The Mount Kisco Village Board is joining the debate on the controversial campaign finance ruling by the U.S. Supreme Court two years ago.

Trustees voted unanimously on April 23 to draft a resolution in support of a constitutional amendment to overturn the ruling.

The high court’s 5-4 decision in Citizens United versus the Federal Election Commission in 2010 concluded there could be no limits on independent political campaign donations by corporations and unions.

Village resident Jane Pendergast, a member of the MoveOn.org Northern Westchester Council, an arm of the liberal advocacy group, said nearly 200 municipalities and state legislatures across the nation have approved resolutions opposing the Citizens United ruling.

Pendergast said her organization wanted the board to back a resolution that included two main points–that corporations are not people and that money is not speech and can be regulated.

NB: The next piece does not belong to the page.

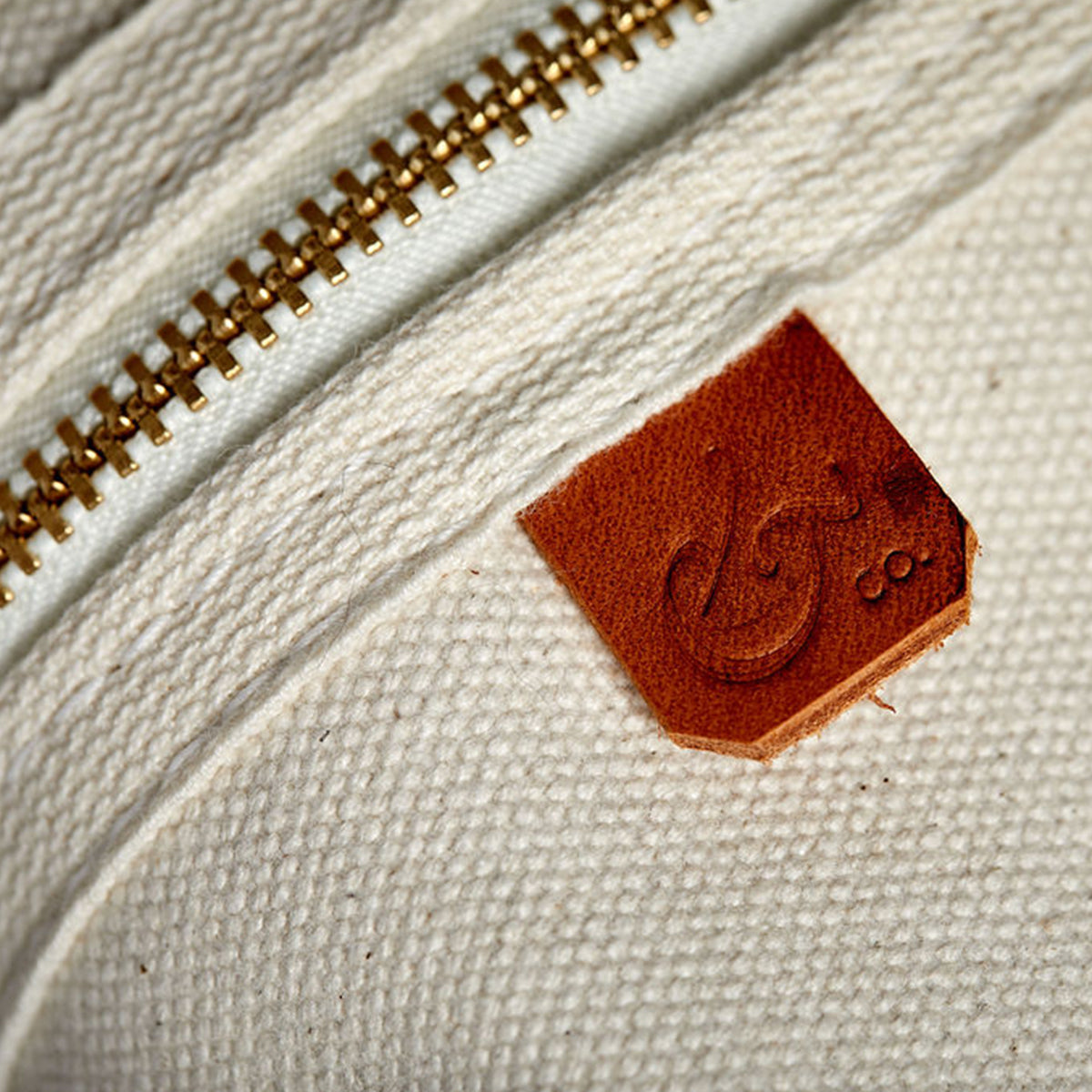 Overhead view of Dopp kit made from sturdy off-white canvas with metal zipper and leather detail. Classic small travel and toiletry bag.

“These two points address recent anti-democratic changes in this country’s history of generally supporting democratic limitations on election financing and transparency of funding sources,” Pendergast said. “These changes have produced an atmosphere of often irresponsible, untruthful advertisements that control the election discourse and drown out responsible sources of information about the candidates. We believe that the infusion of massive amounts of money, made possible by the Citizens United decision, has distorted the election process and also has the capability of influencing all aspects and levels of government in an undemocratic way.”

Pendergast provided the board with sample resolutions previously approved by other local and state governments and said it was important for officials to take a stand. Constitutional amendments have been spawned by local communities, which moves the nation forward leading to a more effective democracy, she said.

Board members appeared supportive of passing a resolution supporting a constitutional amendment. Mayor Michael Cindrich said he applauded Pendergast for bringing her initiative to local governments, which have been in the forefront of social change throughout American history.

For the constitution to be amended, at least two-thirds of the U.S. Senate and House of Representatives must each vote in favor followed by ratification by three-quarters of all state legislatures. An amendment could also be approved in a convention called for by two-thirds of the states.